Su Al-Sharq al-Awsat, invece, la voce di Mosca è veicolata da Vitaly Naumkin, direttore dell’Istituto di Studi Orientali dell’Accademia Russa delle Scienze, che contribuiva stabilmente al giornale già prima dell’attacco all’Ucraina. Nel suo articolo più recente, pubblicato il 16 marzo, lo studioso contrappone la «calma olimpica russa» alla «russofobia occidentale».

 

Restando sui quotidiani panarabi editi a Londra, ma spostandosi verso quelli legati al Qatar, i toni cambiano. Sia Al-Quds al-‘Arabī che Al-Arabī al-Jadīd, privilegiano le ragioni dell’Ucraina e parlano apertamente di aggressione russa, spesso con un occhio rivolto alla situazione palestinese o a quella siriana. Il 16 marzo su al-Arabī al-Jadīd, il giornalista egiziano Wael Kandil ha scritto per esempio che «l’invasione delle terre ucraine da parte delle forze russe con l’obiettivo di sottometterle alla sovranità di Mosca è un’aggressione contro un popolo e un’occupazione, a prescindere dalla nostra opinione sulla composizione di questo popolo e del suo presidente, che ha evidenti inclinazioni sioniste».

 

In breve

 

Un tribunale indiano ha confermato il divieto per le ragazze di indossare il velo, definendolo un elemento non essenziale della fede islamica. Come ha scritto l’Associated Press la decisione aumenterà le tensioni religiose in India.

 

La crisi economica, sociale e politica in Libano è profonda. Ciò rende sempre più difficile per i malati oncologici accedere alle cure necessarie (al-Monitor).
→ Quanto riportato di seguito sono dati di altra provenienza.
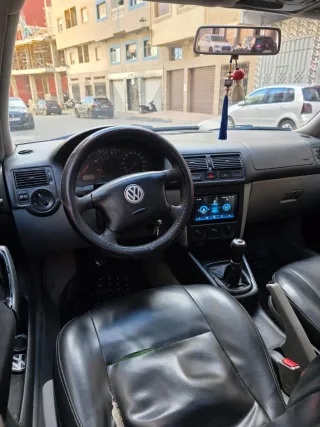 Volkswagen Golf 2002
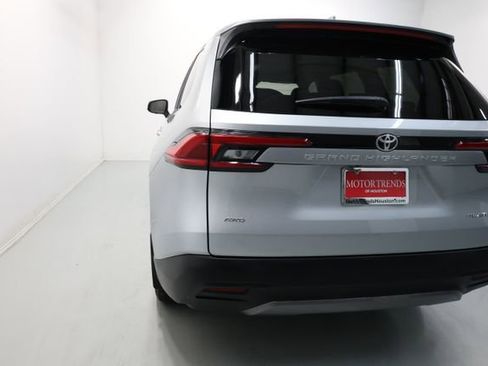 Used 2024 Toyota Grand Highlander Platinum image 59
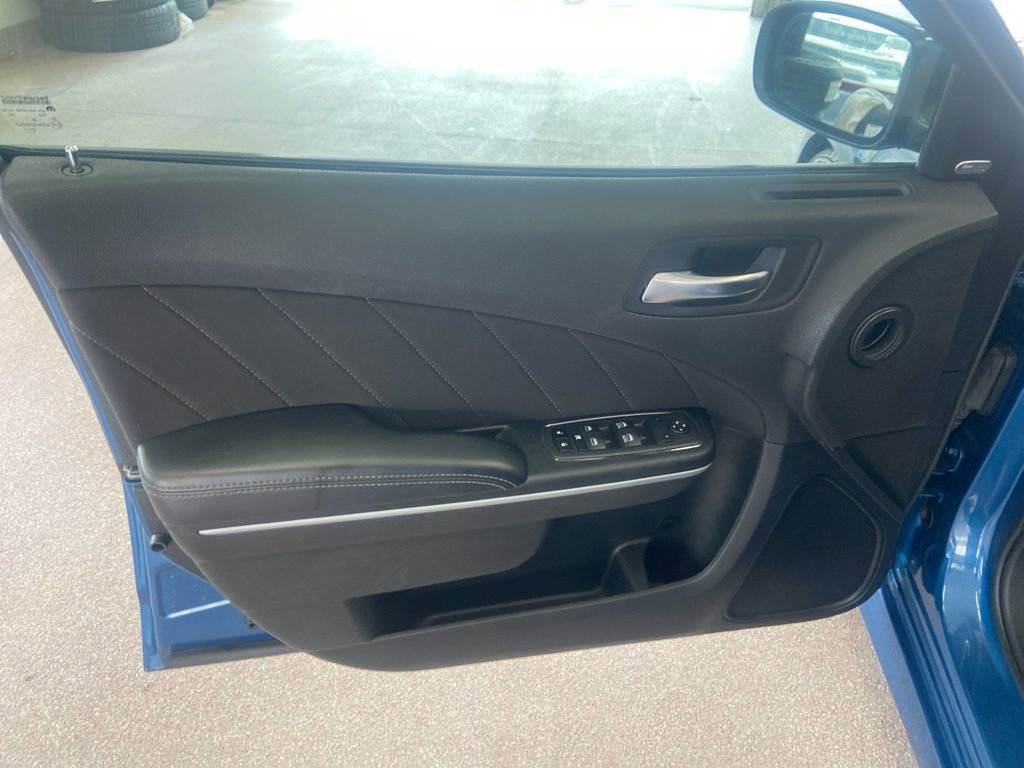 Certified 2022 Dodge Charger R/T image 8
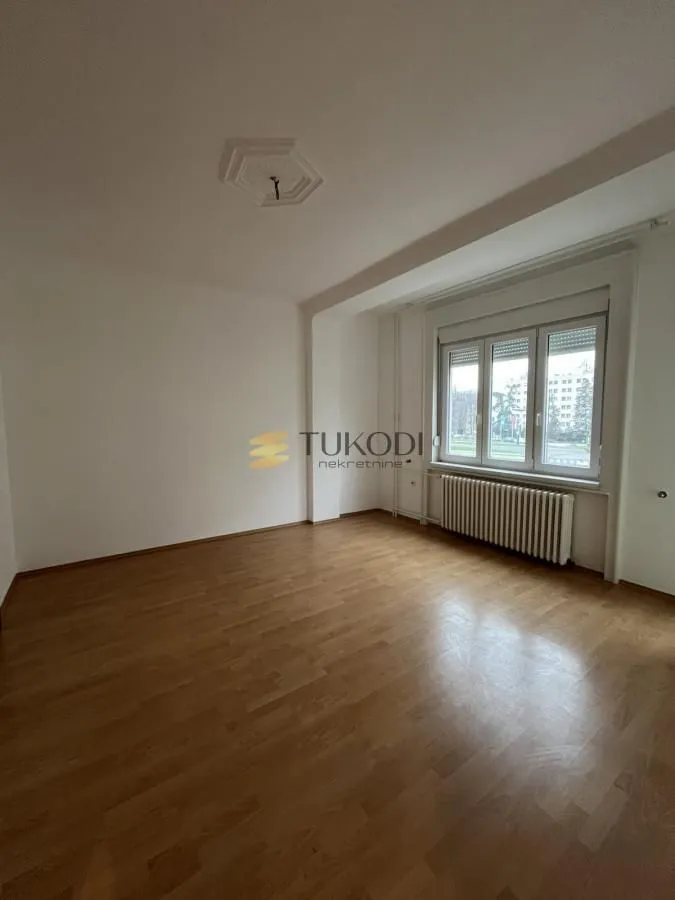 Prodaja, trosoban stan, 112m², Centar, Novi Sad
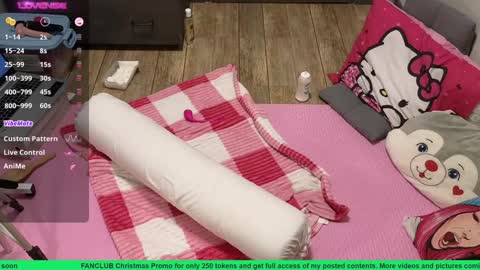 Snapshot of cherrycreme chatting on 12.07.24 Cherry online show from 12.07.24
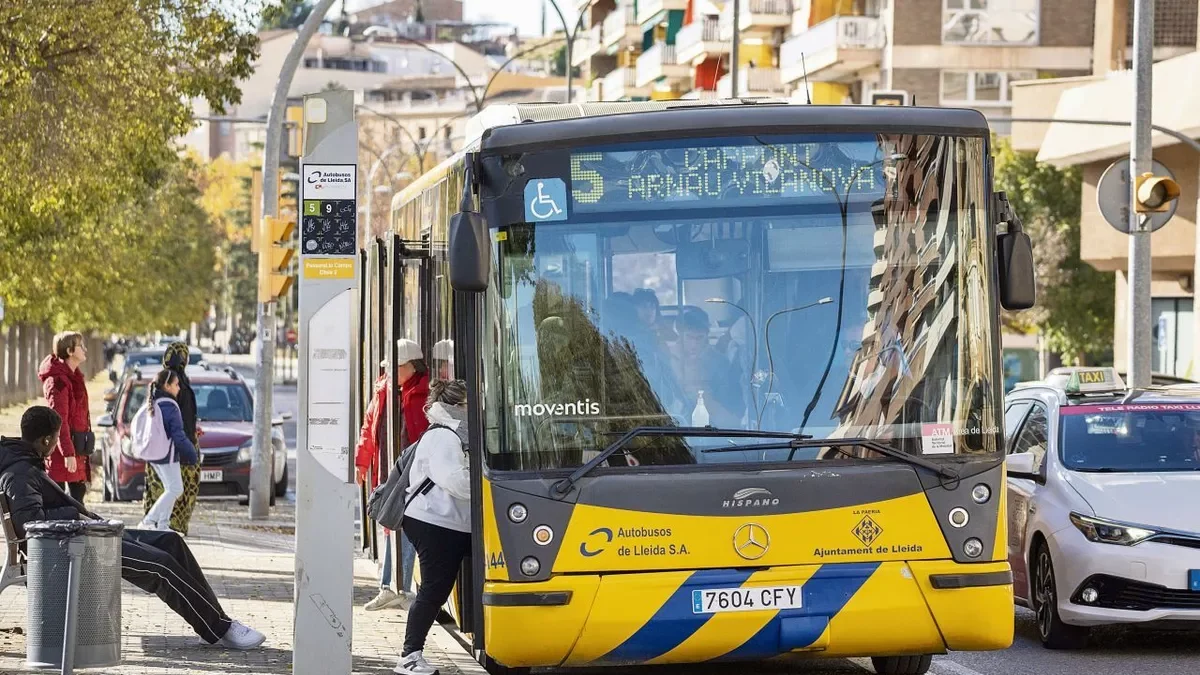 Persones pujant i baixant d’un autobús de la línia 5 dijous passat. - PAU PASCUAL PRAT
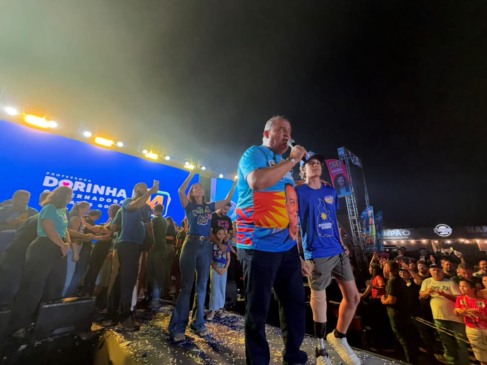 Último comício: Eduardo Gomes diz que vai continuar trabalhando para ser o melhor senador da história, destaca voto em Flávio Bolsonaro e afirma: “O Tocantins não pode arriscar o seu futuro”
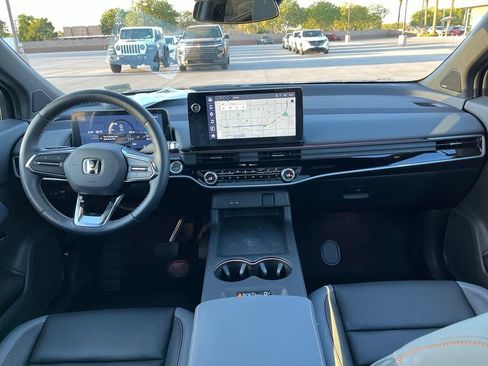 Used 2025 Honda Prologue Elite image 13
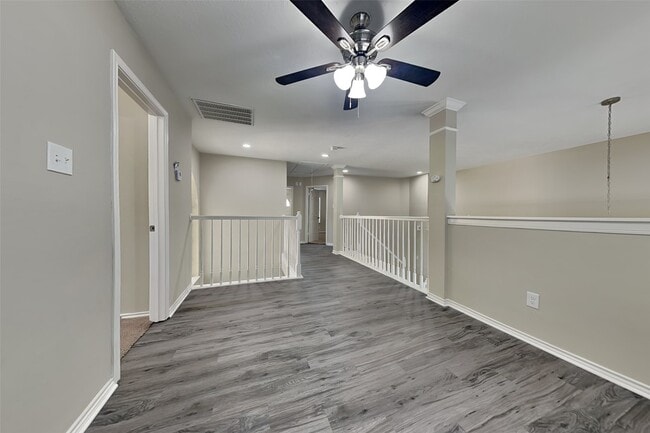 property at 5322 Willow Knoll Ct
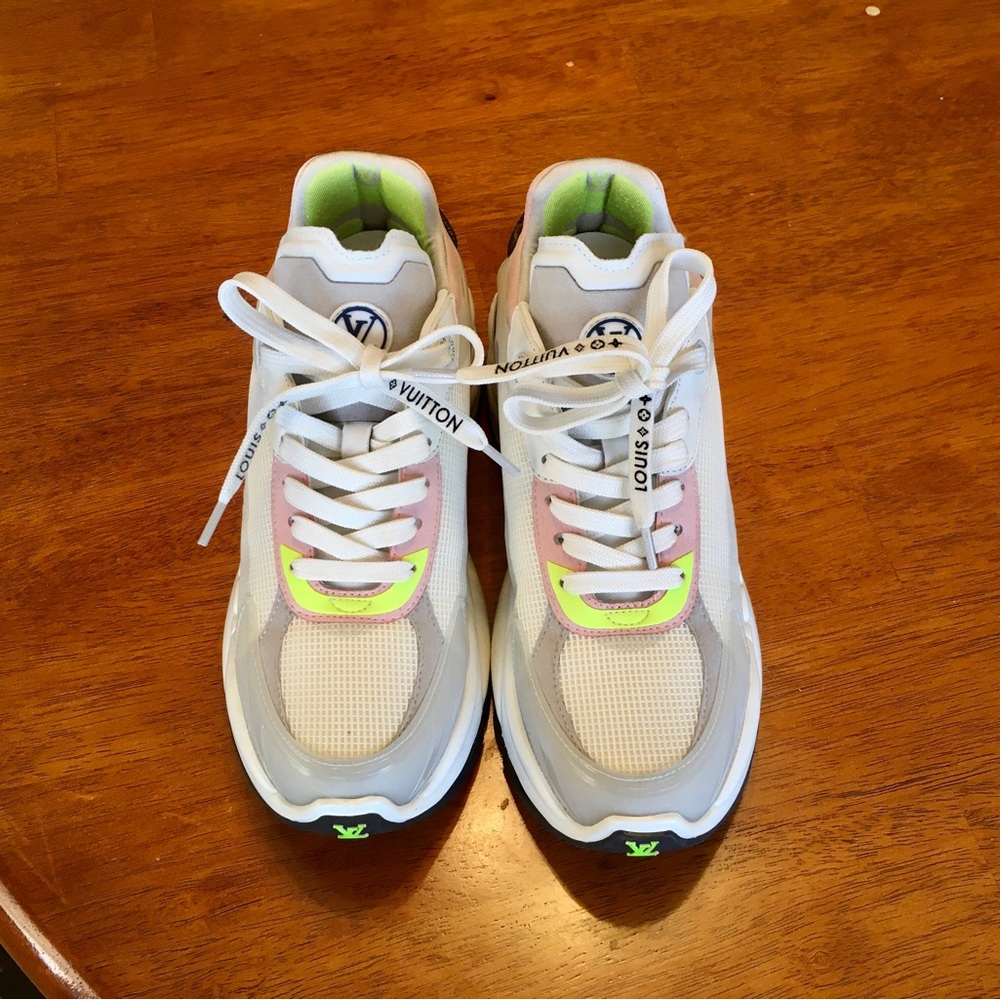 Louis Vuitton sneakers Run 55 size 36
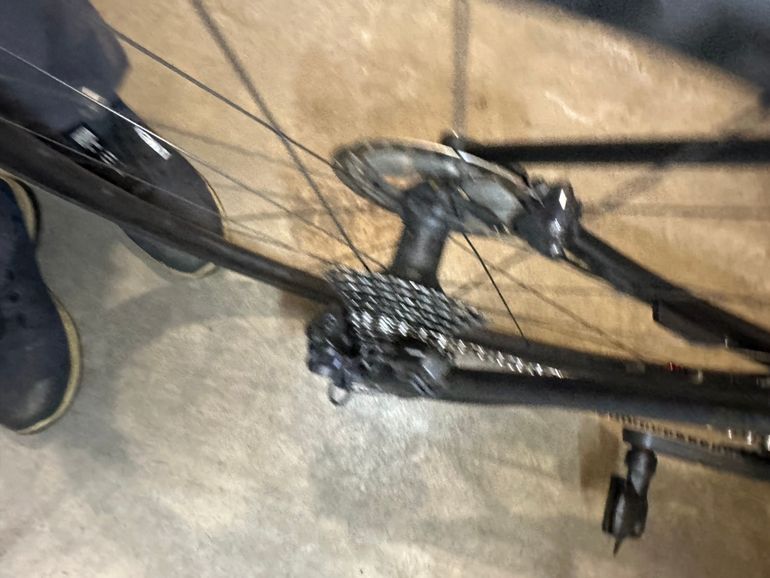 Used Trek Émonda SLR 7 Disc 2020 2020 Road & Gravel — image 3 of 5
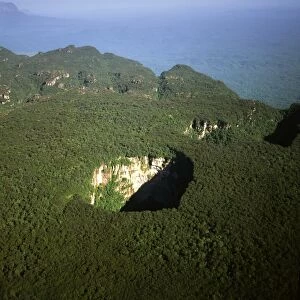 Aerial image of tepuis and Sarisarinama Sinkhole, Jaua-Sarisarinama National Park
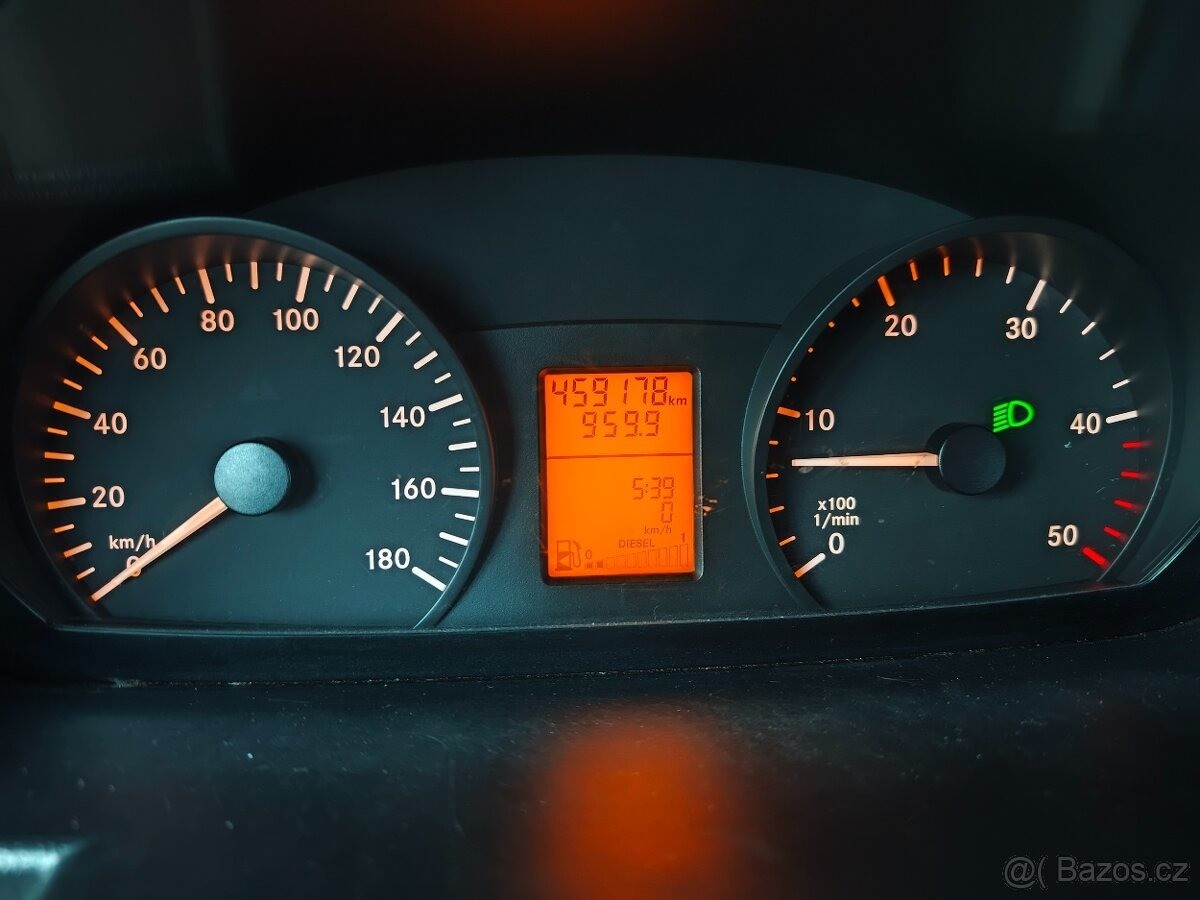 mercedes-benz-sprinter-3-0-319-cdi-v6-5-mist-klima - 2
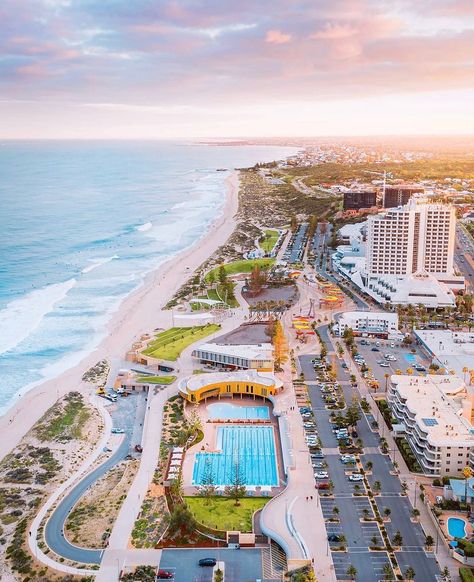 Hatch Interiors ✖️ Adriana on Instagram: “Home 🤍 #scarboroughbeach ••• 📸 @danniexdough” Scarborough Perth, Sorrento Beach, Scarborough Beach, North Beach, Sorrento, City Beach, Perth, Airplane View, Australia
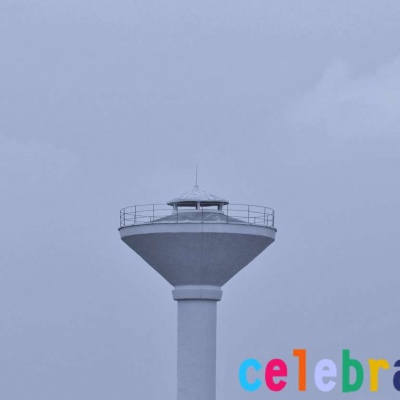 <p>没有谁比谁更不幸福，只有谁比谁更不知道幸福。</p>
Il governo libanese, intanto, sta cercando di evitare che la guerra in Ucraina generi una crisi alimentare nel Paese (The National).

 

Un numero imprecisato di morti – Le Monde parla di «diverse dozzine» - sono stati causati nel Nord del Mali da uno scontro tra lo Stato Islamico nel Grande Sahara e le milizie tuareg.